邪魔者を追い出してまで自らのものにした現場だから自分が中心となってやらなければ、と意気込むのは分かるが、100%自分の思うような管理などできるわけがない。
経験時間のわずかな違いでもって、まるで馬や犬を調教するかのごとく「とにもかくにも俺様はお前より偉いのだ」という部分を何としてでも分からせようとしてくるが、そんな調子で来られれば受け止める側は少なくとも心を開いて接することは難しいし、何も分からないうちは自由を奪われたような感覚になり当人の顔色を伺いながらの対処になってしまう。
俺の現場を自負するのは勝手だが、実際に現場を私や元請けさんなど誰の助けも借りずにひとりで回すことなど不可能であり、私をどれだけ否定したくても、私から何もかも取り上げて仕事を背負い込んでしまえば日付が変わっても仕事は終わらない。
週で最もあわただしい金曜の今日、結局その日の「大どころ」(個口の多い行先)のチェックや荷造りはほとんどが私がやり、当人は大して時間のかからない簡単な仕事に逃げ込んでしまっていた。
当人の意気込みとは裏腹に、この日の仕事の主要な部分を見事に、実質来てまだひと月という人間に持っていかれ、寒い2月というのに耳たぶまで真っ赤にしてイライラしている様子が見て取れた。
この人物以外のことは、例えば労働条件はよい部類だし、元請けさんは皆さん優しいしで、現場に出向くことはむしろ楽しみのほうが大きいくらいである。
しかし、たったひとり、たまたま同じ会社の、ややもすると正常性を欠いた人間との関係性のために、大変残念なことだがわずかな期間で本当は離れたくない現場を離れざるを得なくなるかもしれない。
正常ではない人間とはいえ経験時間は当人のほうが長いので不利なのはどう見てもこちらだからだ。
今後は先のことは考えず、もう来るなと言われる日まで一日一日誠実に勤め上げるのみである。

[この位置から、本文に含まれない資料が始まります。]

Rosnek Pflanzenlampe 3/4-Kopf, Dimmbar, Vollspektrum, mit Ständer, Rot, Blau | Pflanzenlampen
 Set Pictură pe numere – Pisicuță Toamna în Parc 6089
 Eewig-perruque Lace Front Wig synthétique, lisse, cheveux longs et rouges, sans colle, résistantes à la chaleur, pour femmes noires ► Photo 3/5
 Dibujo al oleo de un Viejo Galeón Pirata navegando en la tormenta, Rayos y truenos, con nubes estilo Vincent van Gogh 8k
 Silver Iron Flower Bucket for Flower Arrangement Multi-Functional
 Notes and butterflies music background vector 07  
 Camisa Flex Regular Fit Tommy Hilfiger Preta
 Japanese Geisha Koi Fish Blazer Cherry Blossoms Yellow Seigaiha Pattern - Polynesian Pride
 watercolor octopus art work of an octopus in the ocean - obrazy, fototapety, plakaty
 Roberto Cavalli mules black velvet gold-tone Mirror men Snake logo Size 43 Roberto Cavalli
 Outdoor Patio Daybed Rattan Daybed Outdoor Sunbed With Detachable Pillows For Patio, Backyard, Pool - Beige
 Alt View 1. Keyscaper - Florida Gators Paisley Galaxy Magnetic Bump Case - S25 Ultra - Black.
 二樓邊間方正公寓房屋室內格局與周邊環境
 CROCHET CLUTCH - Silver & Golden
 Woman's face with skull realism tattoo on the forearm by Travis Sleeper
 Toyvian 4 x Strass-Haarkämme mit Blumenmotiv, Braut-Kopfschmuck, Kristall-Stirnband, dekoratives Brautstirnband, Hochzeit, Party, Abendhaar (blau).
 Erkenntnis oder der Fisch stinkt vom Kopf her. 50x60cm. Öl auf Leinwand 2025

幸いにして会社の代表者には当人の「本当の姿」が伝わりつつあるし、私と元請けさんとのコミュニケーションは良好だ。
不利な状況には違いないが、限られた時間の中で「やめなきゃいけないのは本当はどっちなんだ」というところで勝負するしかない。
嫉妬心まみれで声だけは大きくて能力も低い、強い者にはゴマすりという取るに足らない人間のために自らの生活にリスクを招くことは本当ならばしたくないからである。